Reputation: 1477
I want to fetch only the text around parenthesis and keep this text in the same column.
I have the following dataframe df:
id feature
1 mutation(MI:0118)
2 mutation(MI:0119)
3 mutation(MI:01120)
The expected output is:
id feature
1 MI:0118
2 MI:0119
3 MI:01120
I tried the following regex but it is not allowing me to copy it to the same column.
df['feature'] = df['feature'].str.extract(r"\((.*?)\)", expand=False)
I am getting following warning and the above code is converting all the values in the feature column to NaN
/home/lib/python2.7/site-packages/ipykernel_launcher.py:1: SettingWithCopyWarning:
A value is trying to be set on a copy of a slice from a DataFrame.

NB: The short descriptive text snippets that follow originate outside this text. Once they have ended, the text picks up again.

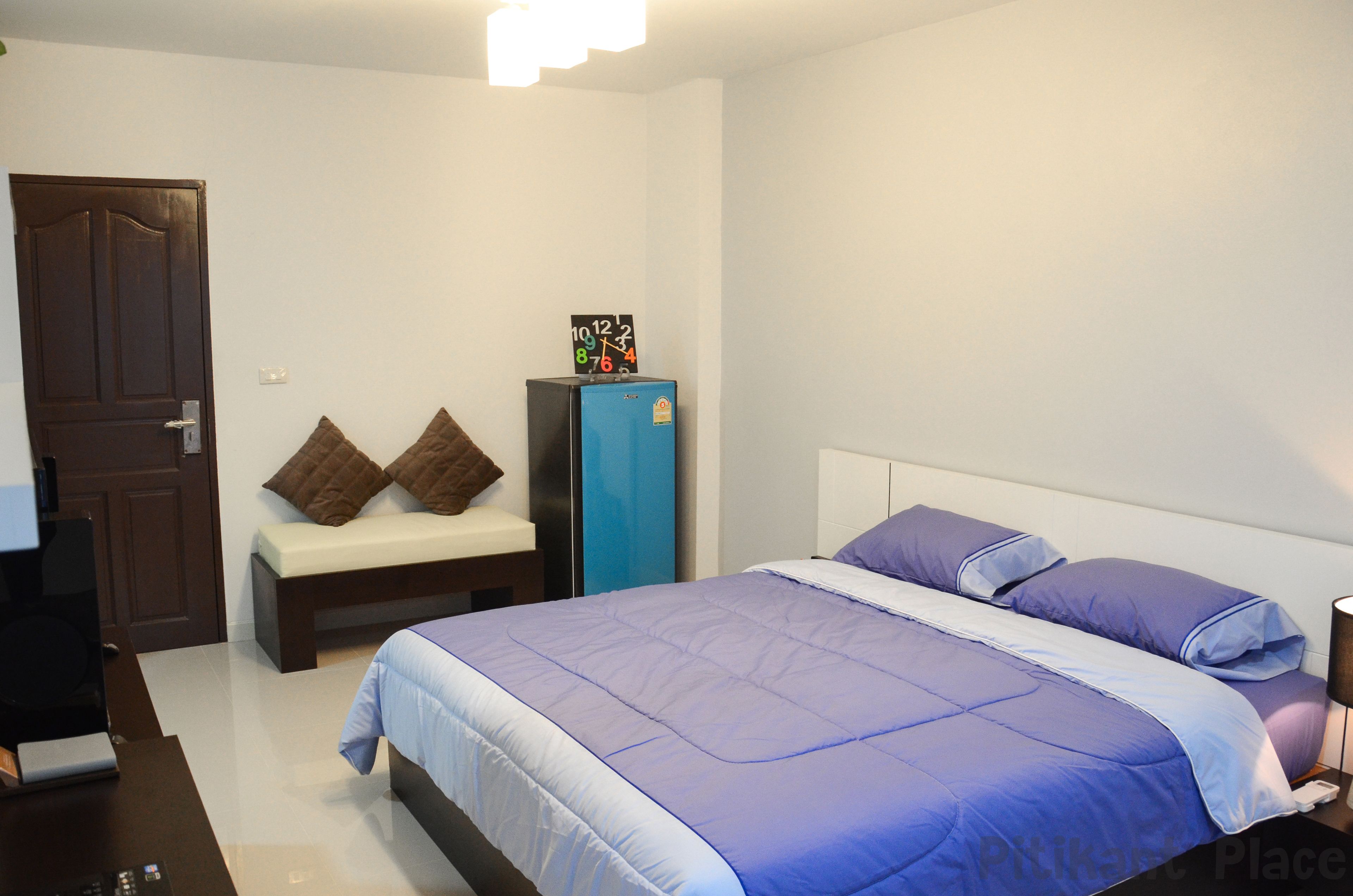 deluxe room | desk, soundproofing, rollaway beds, free wifi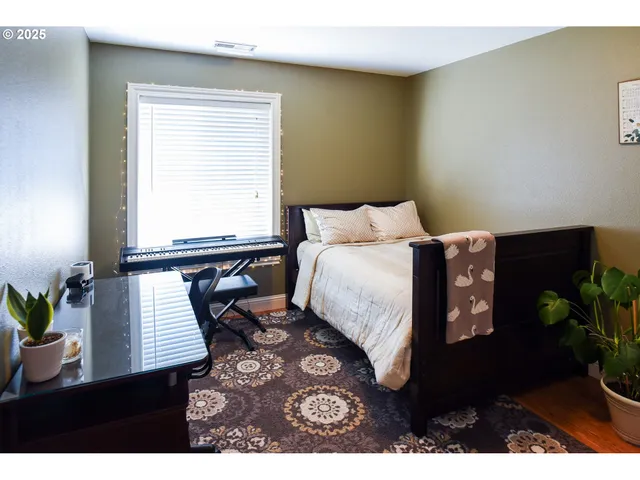 $899,900 | 6107 Northeast Erin Way, Vancouver, WA 98686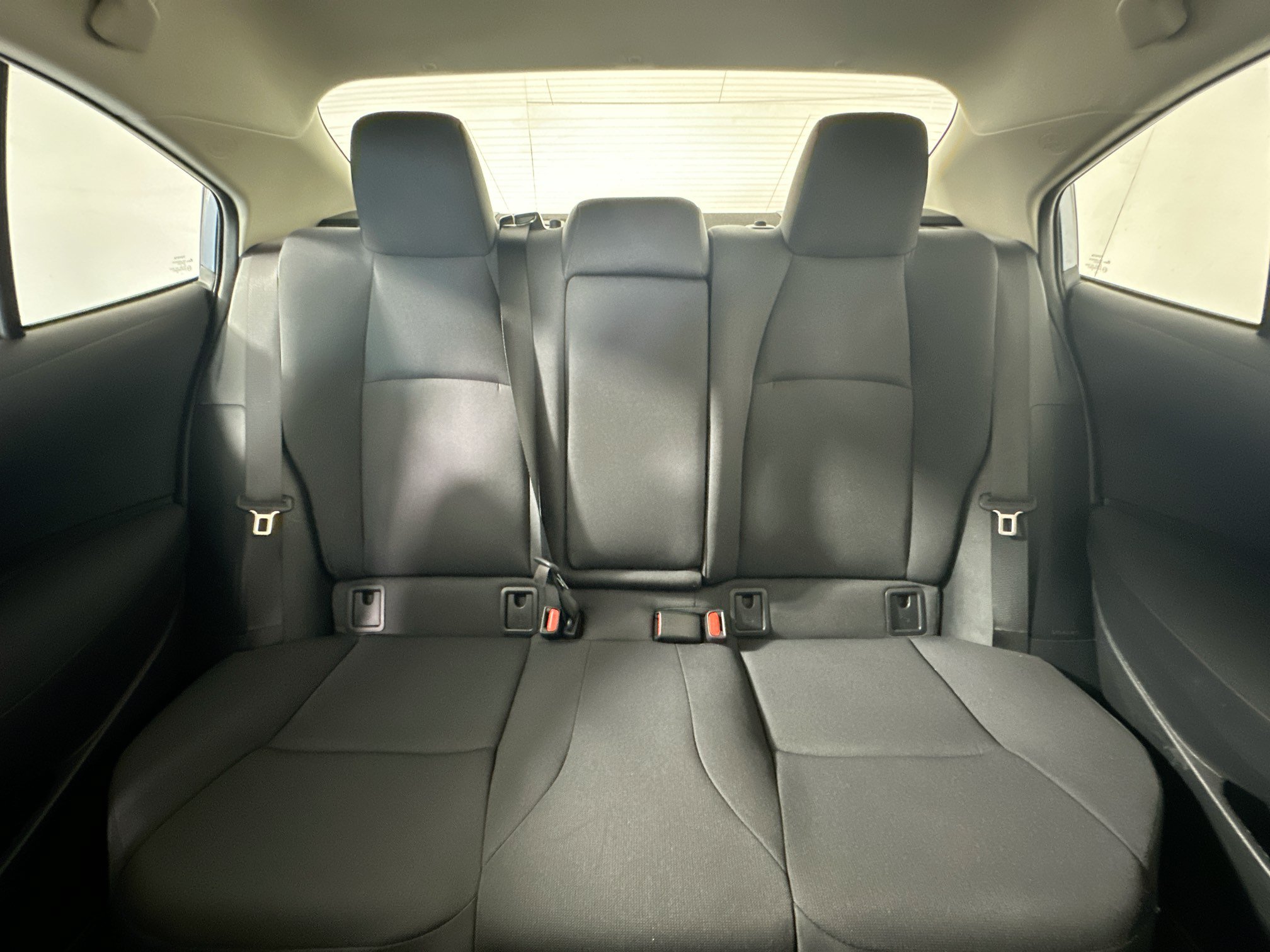 Used 2024 Toyota Corolla LE w/ LE Convenience Package FWD image 30
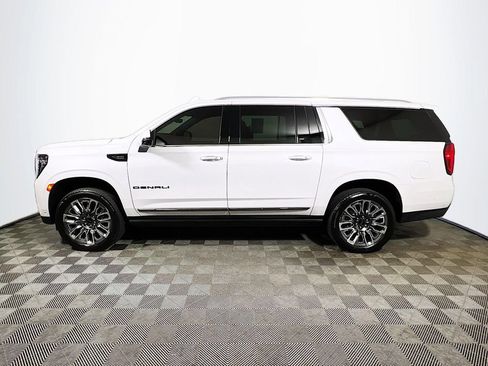 Used 2024 GMC Yukon XL Denali Ultimate AWD/4WD image 4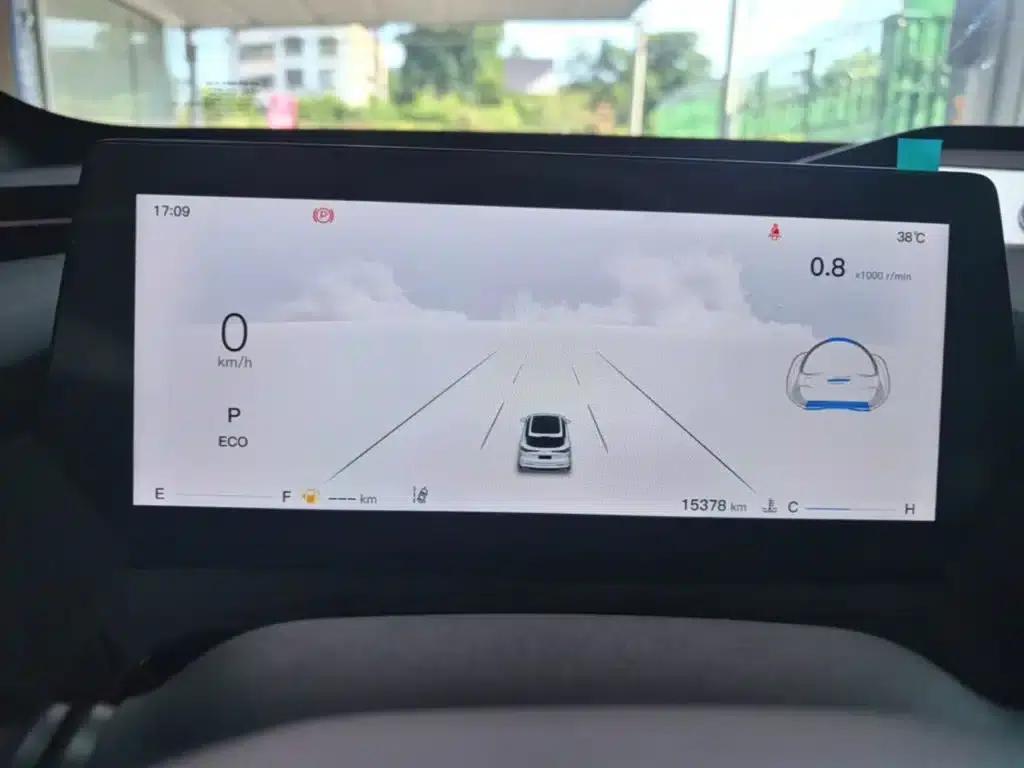 Changan Oushang Z6 2022 Blue Whale 1.5T DCT Smart City Edition — миниатюра 12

Try using .loc[row_indexer,col_indexer] = value instead
See the caveats in the documentation: http://pandas.pydata.org/pandas-docs/stable/indexing.html#indexing-view-versus-copy
"""Entry point for launching an IPython kernel.
Thanks
Upvotes: 1
Views: 102
Reputation: 71600
Try using the below code with a different pattern:
df['feature'] = df['feature'].str.extract('.*\((.*)\).*', expand=False)
print(df)
Output:
id feature
0 1 MI:0118
1 2 MI:0119
2 3 MI:01120
Upvotes: 1